* To do
Would you please copy all of the data exactly, skipping the images?

* Supplied material
+++++
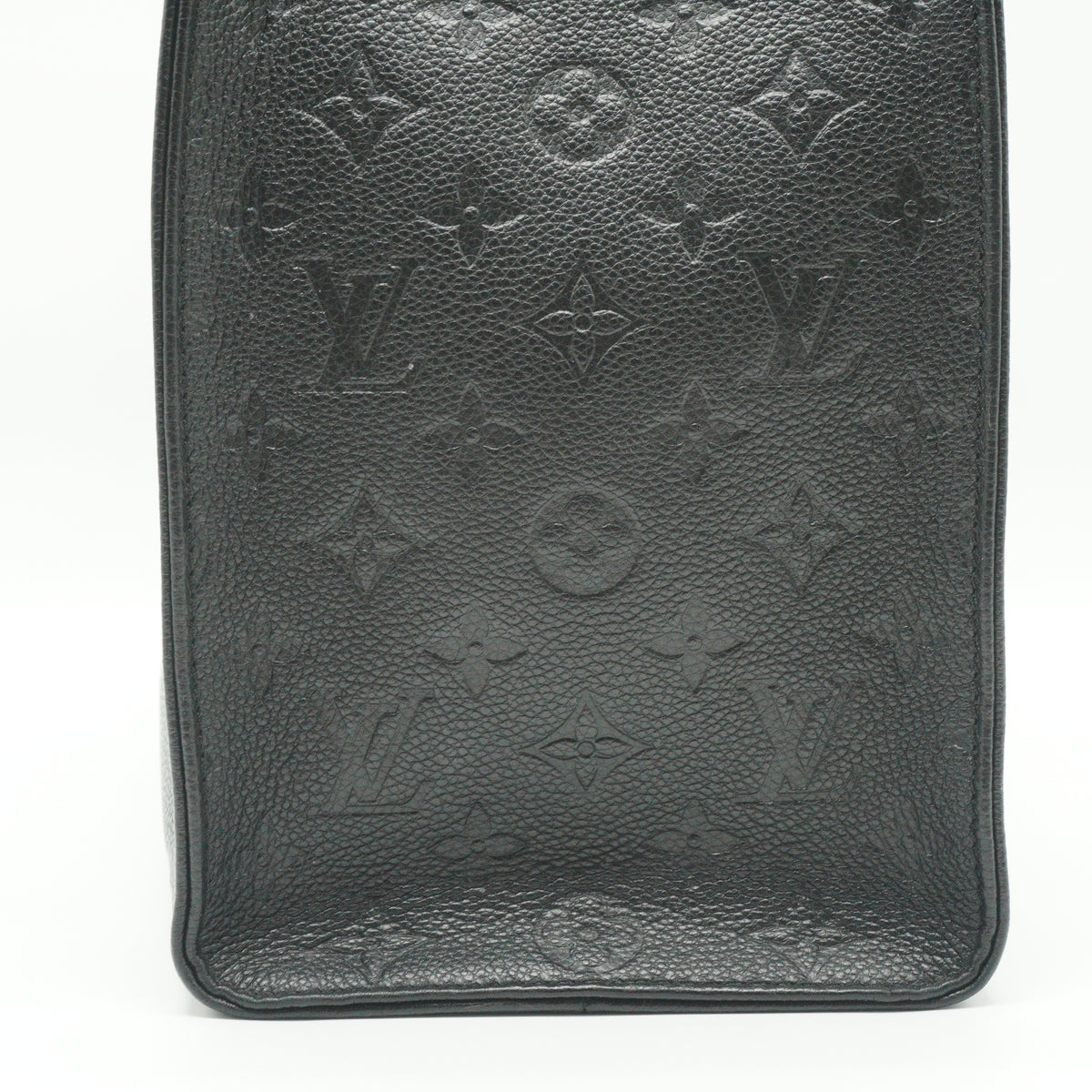 Louis Vuitton	OnTheGo Black MM Tote Bag GHW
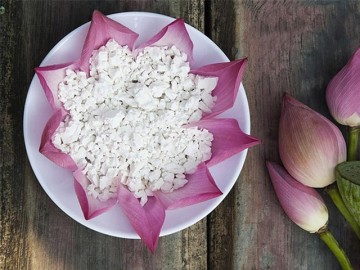 Bật mí 3 cách dưỡng trắng da từ bột sắn dây vừa hiệu quả lại tiết kiệm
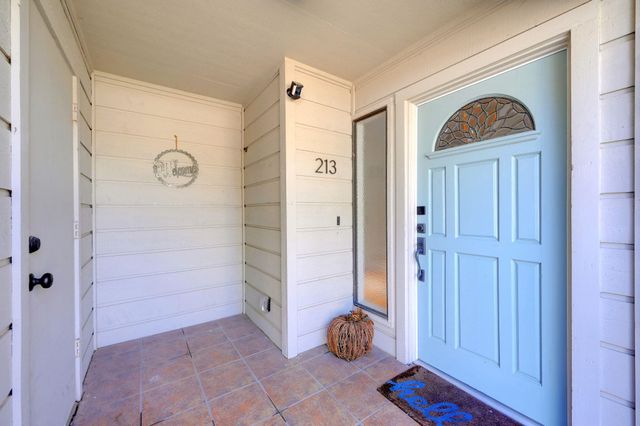 213 Overlook CT, Wimberley, TX 78676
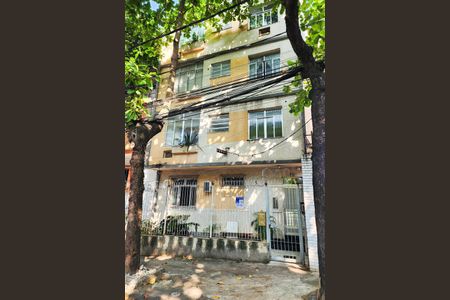 Apartamento à venda com 60m², 2 quartos e sem vagaFachada 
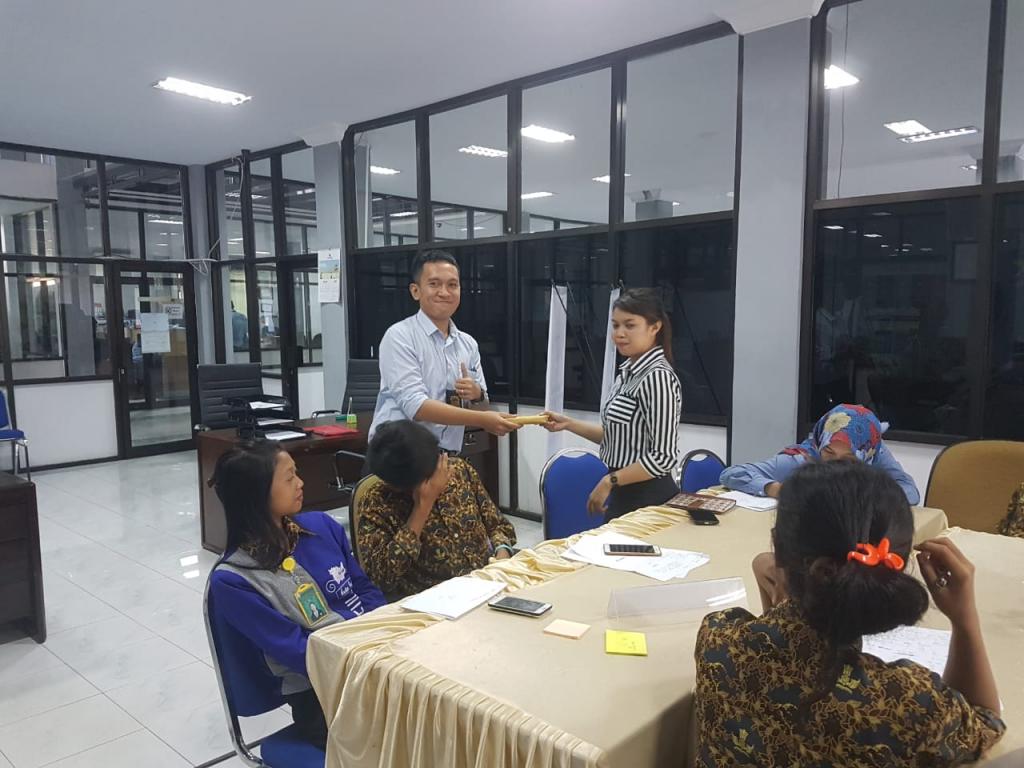 Pemberian hadiah kepada peserta sosialisasi yang aktif oleh Saudara Afriyan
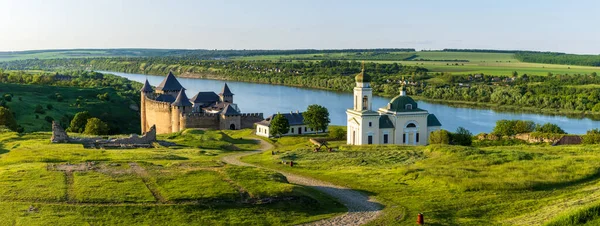 Khotyn要塞は ウクライナ西部のチェルニフツィ州KhotynにあるDniester川の右岸に位置する要塞複合体です — ストック写真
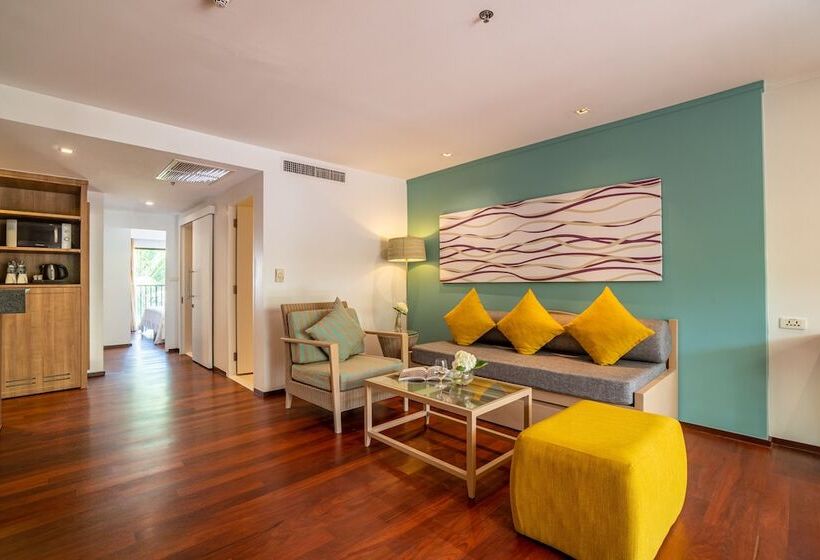 2 Bedroom Suite Pool View, Radisson Resort And Suites Phuket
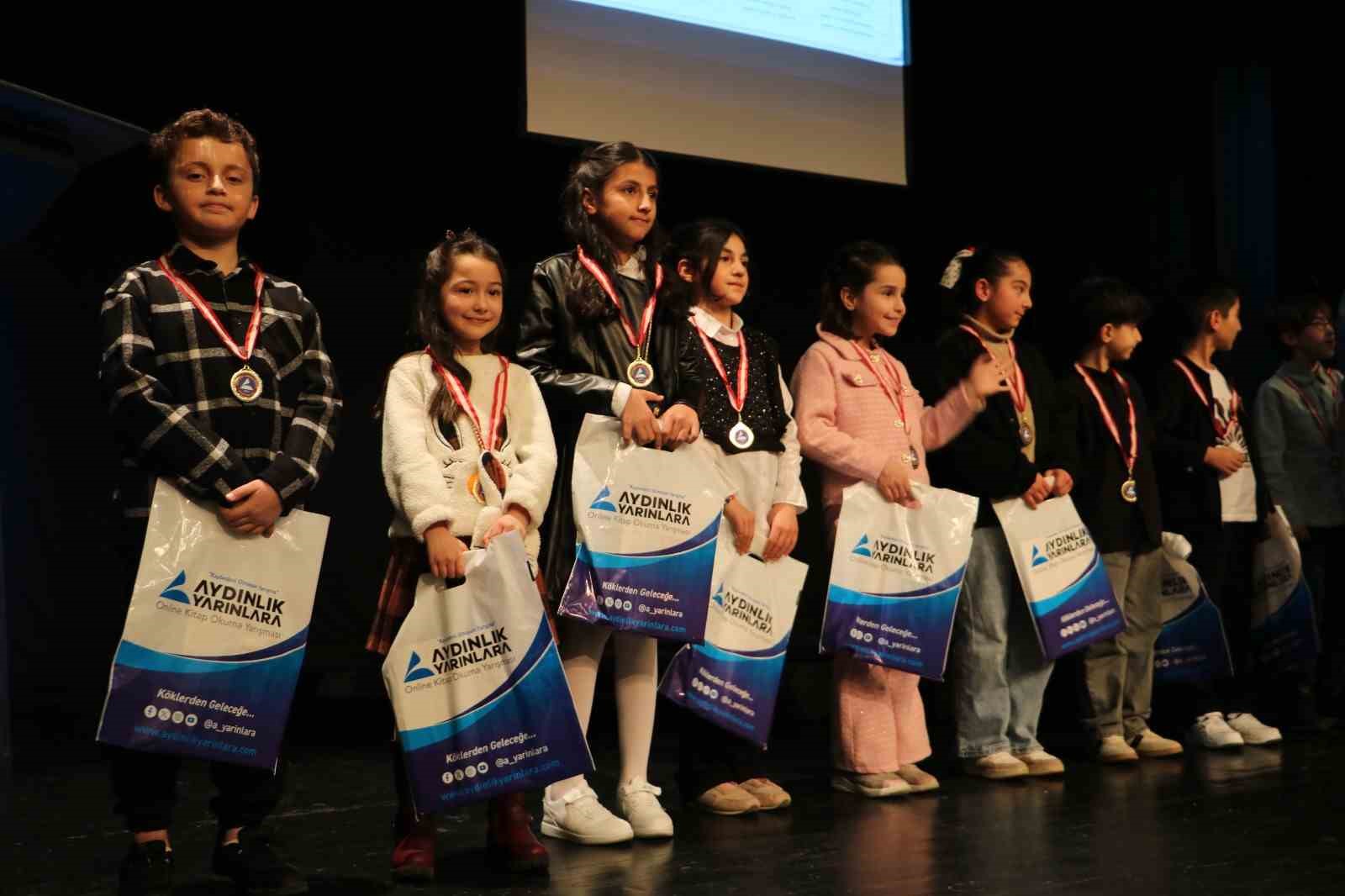 Erzurum’da gençler kitapla buluştu, ödüller sahiplerini buldu
Erzurum’da gençler kitapla buluştu, ödüller sahiplerini buldu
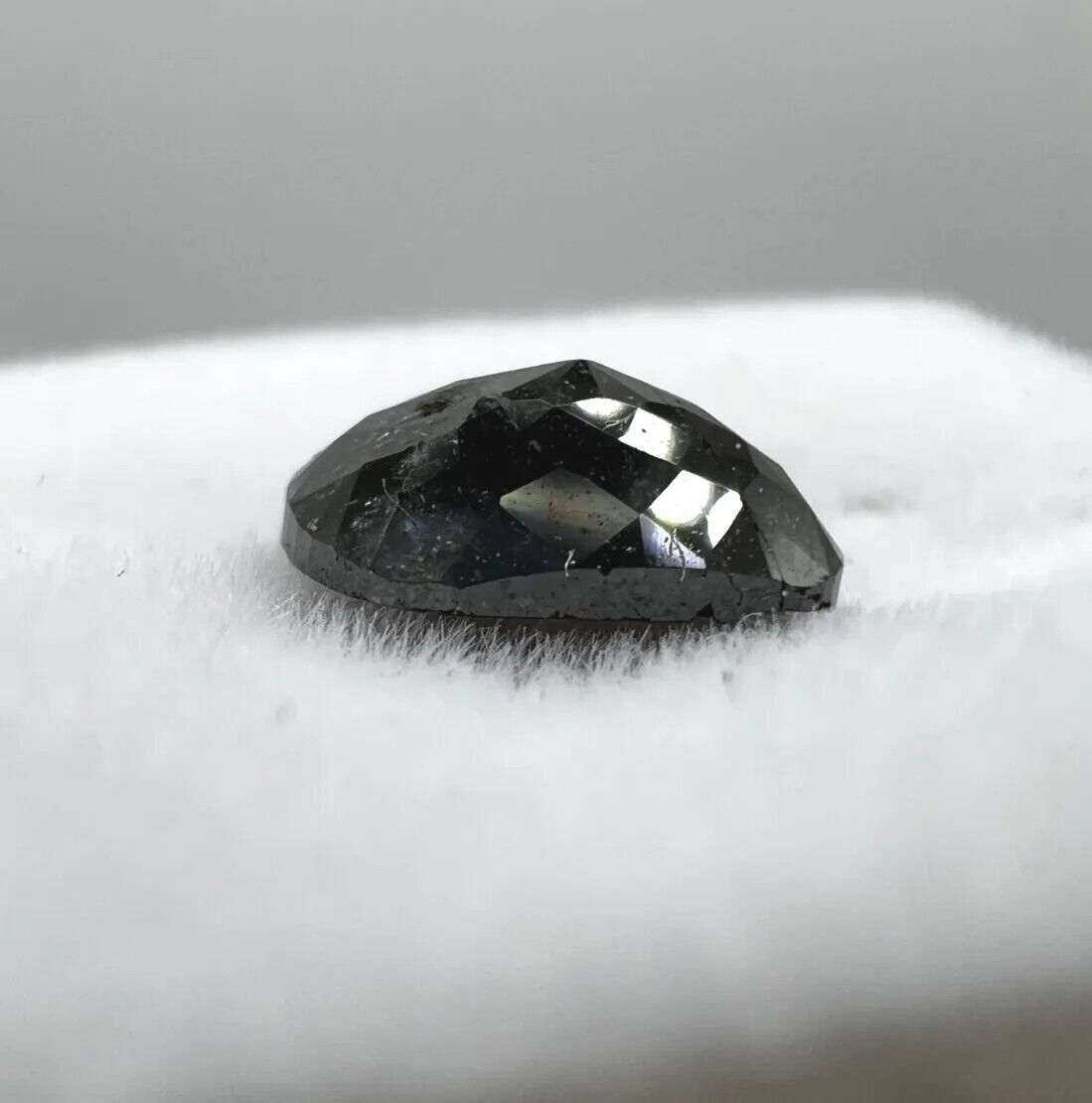 Loser Diamant Mit 01,37 Carat Schöner Schwarzer Diamant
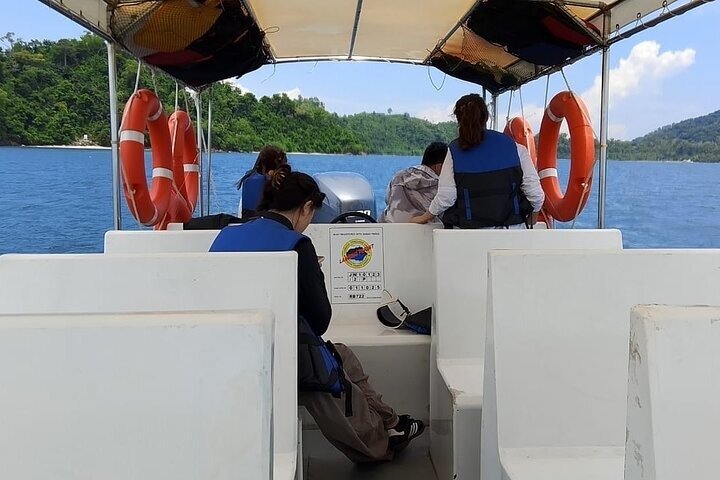 Kota Kinabalu 3 ore di pesca costiera e tour dell'isola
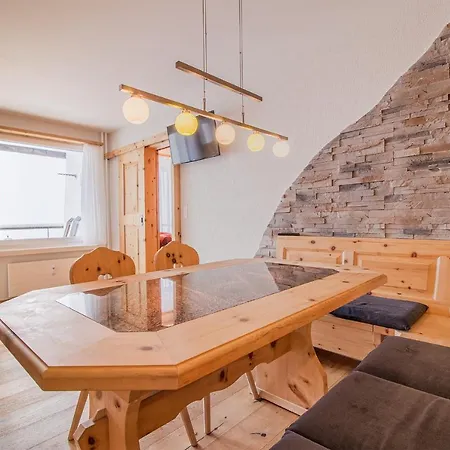 Alexandra 611 By * Arosa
+++++
* Response to this exercise
 Louis Vuitton	OnTheGo Black MM Tote Bag GHW
 Bật mí 3 cách dưỡng trắng da từ bột sắn dây vừa hiệu quả lại tiết kiệm
 213 Overlook CT, Wimberley, TX 78676
 Apartamento à venda com 60m², 2 quartos e sem vagaFachada 
 Pemberian hadiah kepada peserta sosialisasi yang aktif oleh Saudara Afriyan
 Khotyn要塞は ウクライナ西部のチェルニフツィ州KhotynにあるDniester川の右岸に位置する要塞複合体です — ストック写真
 2 Bedroom Suite Pool View, Radisson Resort And Suites Phuket
 Erzurum’da gençler kitapla buluştu, ödüller sahiplerini buldu
Erzurum’da gençler kitapla buluştu, ödüller sahiplerini buldu
 Loser Diamant Mit 01,37 Carat Schöner Schwarzer Diamant
 Kota Kinabalu 3 ore di pesca costiera e tour dell'isola
 Alexandra 611 By * Arosa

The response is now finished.